Still, one could argue that Clintonstan state security is better than America's. We keep hearing about the State Department's servers being hacked by foreign entities, including a well-publicized hack late last year that officials attributed to Russia. I wouldn't keep my grocery list on State Department servers at this point.

In March, Clinton said that she didn't keep any classified information on the Clintonstan servers. I think we should make sure of that. For example, let's get a look at the gigantic block of text that was redacted by the State Department under the Freedom of Information Act in a June 20, 2010, email from Clinton's deputy chief of staff, Jacob Sullivan, to Clinton and top aide Huma Abedin entitled "Lavrov" -- as in Russian Foreign Minister Sergey Lavrov. Not classified, huh? Did someone accidentally spill a bottle of white-out correction fluid all over this one, as well as all over Clinton's response? "Can you run the traps ..." is all we get to see of it. The late New York Times columnist William Safire defined the political slang phrase "run the traps" in a 1987 column as meaning "survey those in the know."

Oh, spill it, sister. What exactly did you find in your trawl? After all, it's not classified, right?

Speaking of those in the know, much of the Clintonstan intelligence apparatus seems to consist of published newspaper analyses, non-governmental organizations and private intelligence operatives. There's little indication that the Republic of Clintonstan had much use for the CIA or any other multibillion-dollar U.S. agencies. Instead, longtime Clintonstan operative Sidney Blumenthal was cranking out actionable intelligence reports. One from 2010 that really puts the "class" in "classified" included an armchair psychoanalysis of Israeli Prime Minister Benjamin Netanyahu: "The father, Benzion Netanyahu; 100 years old ... adored his son Yoni, heroically killed (in Operation Entebbe, a 1976 hostage-rescue mission in Uganda). Benyamin has never measured up. ... Bibi desperately seeks his father's approbation and can never equal his dead brother."
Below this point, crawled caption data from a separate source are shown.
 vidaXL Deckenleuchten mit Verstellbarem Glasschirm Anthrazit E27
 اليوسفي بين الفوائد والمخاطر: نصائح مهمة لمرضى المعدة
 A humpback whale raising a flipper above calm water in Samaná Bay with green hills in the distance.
Another Blumenthal memo from 2010 recounted a dinner with former German Vice Chancellor Joschka Fischer: "Fischer points out that if Iran develops nuclear weaponry the Saudis already have their own bomb. The Saudis invested in Pakistan's nuclear weaponry partly for this eventuality; that's their bomb in reserve."

That observation renders virtually moot all the handwringing over Iran someday developing a nuclear weapon -- meaning that the Clintonstanis were about five years ahead of the curve on the bottom line of the Iran nuke deal.
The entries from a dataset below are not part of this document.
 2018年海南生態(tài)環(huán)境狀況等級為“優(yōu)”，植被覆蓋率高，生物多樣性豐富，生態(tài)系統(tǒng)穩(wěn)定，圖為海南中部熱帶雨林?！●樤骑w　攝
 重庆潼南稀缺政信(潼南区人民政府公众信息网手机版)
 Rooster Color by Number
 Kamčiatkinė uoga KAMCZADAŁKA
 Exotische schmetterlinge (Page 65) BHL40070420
Some other interesting tidbits from the Clintonstan email dump ...

-- Cherie Blair, wife of former British Prime Minister Tony Blair, seems to enjoy playing global matchmaker for the Republic of Clintonstan.

"As you know, I have good links to the Qataris," Blair wrote to Clinton in a 2010 email. "Sheikha Mosah's son is the 31/32 year old Crown Prince and she is keen that he starts to build up an international profile ... Is a meeting possible?"
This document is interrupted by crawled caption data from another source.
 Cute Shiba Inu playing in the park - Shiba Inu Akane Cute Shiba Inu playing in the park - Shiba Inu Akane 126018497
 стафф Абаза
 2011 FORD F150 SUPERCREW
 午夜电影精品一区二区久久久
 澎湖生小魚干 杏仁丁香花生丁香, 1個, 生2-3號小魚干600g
Oh yes, we're aware of your good links with the Qataris, Mrs. Blair. The Qatar Investment Authority bought famed London department store Harrods in 2010, and it owns significant stakes in the London Stock Exchange and Barclays bank. Qatar provides roughly 85 percent of Britain's liquefied natural gas imports.

Of course Mrs. Blair didn't address this with Clinton. Instead, she was more interested in the fact that the Qatari crown prince is "more flexible on place and times than his mother!" Four years later, Tony Blair's successor, British Prime Minister David Cameron, challenged that same crown prince -- now the emir of Qatar -- to stop funding the Islamic State.

-- Clinton likes cheat sheets for phone calls, instructing Abedin: "Pls send me call sheet for (the Ecuadorian call) - I don't have a clue!"

-- In a 2010 email with the subject line "Law of the Seas," Clinton asks an aide, "Can you tell me if China has signed this treaty?" Why yes, it did -- in 1996. Perhaps Google search is blocked in Clintonstan.

The State Department's email dump is the National Enquirer, the Kardashians and Edward Snowden all rolled into one. The Republic of Clintonstan doesn't need a seat in the Oval Office -- it needs a reality TV show.